Enter STEM education — science, technology, engineering and math education. These fields are where the jobs are, according to the US National Math and Science Initiative (US NMSI).
 
“Jobs in computer systems design and related services – a field dependent on high-level math and problem-solving skills – are projected to grow 45 per cent between 2008 and 2018,” said US NMSI. Professions include biomedical engineers, network systems and data communications analysts, and medical scientists,” it continued.
 
In June, top Philippine educators met in a high-level conference to tackle the problem of educating the future manpower for Asia and the world. Next to Indonesia, the Philippines has the largest pool of manpower in the region — 26,629,845 learners.  

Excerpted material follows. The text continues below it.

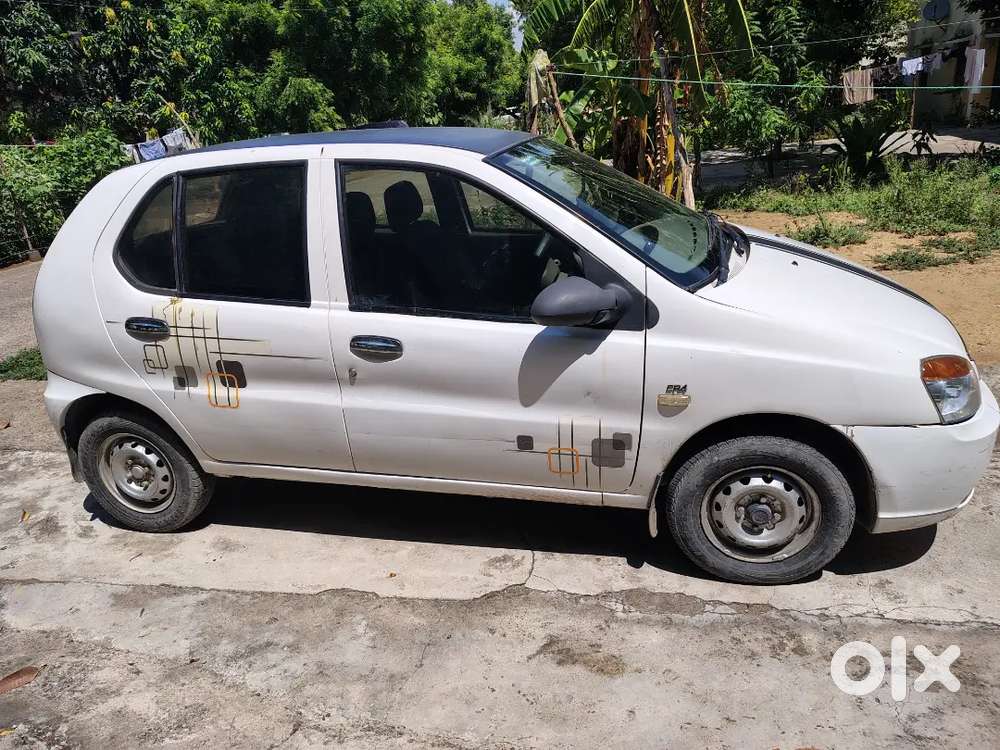 Tata Indica Ev2 2013 Diesel 69000 Km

Of this number, 921,000 are in senior high school, and only 226,688 are on the STEM track, according Lorna Dig-Dino, undersecretary at the Department of Education. Compounding the students’ lack of interest in STEM is the fact that teachers are also ill-prepared to teach the relevant subjects. This conundrum can be seen repeated throughout South-East Asia. It is encouraging to note, however, that despite these issues, overall, Asia is keeping up with the new industrial revolution. WEF predicted that by 2020, Asia will account for 66 nb b   per cent of the global middle class and 59 per cent of middle-class consumption.
 
Between 2008 and 2016, the Asia-Pacific contribution to research increased from 13 per cent to 31 per cent. China is now the second-largest producer of scientific papers after the US, with nearly 11 per cent of the world’s total. It leads the emerging nations with 1.4 million researchers. China is also creating new technology universities by the dozen and has replaced the US as the world’s top high-technology exporter.

Meanwhile, Singapore has invested heavily in making that country a medical science hub and attracting the world’s best talent. Among South-East Asia’s 200 million millennials, e-commerce is booming. It is getting a lot of attention in markets like Indonesia, Malaysia and Singapore, with the majority of shoppers being millennials.
 
These nations and the other advanced Asian countries — Hong Kong, Japan, Korea and Taiwan — have also forged ahead. Asia has begun to keep up with the West in science research, innovation and STEM education.
  
Crispin C. Maslog, former journalist with Agence France-Presse, is an environmental activist and former science professor, Silliman University and University of the Philippines Los Baños, Philippines. He is a founding member and now Chair of the Board, Asian Media Information and Communication Centre, Manila.

This piece was produced by SciDev.Net’s Asia & Pacific desk.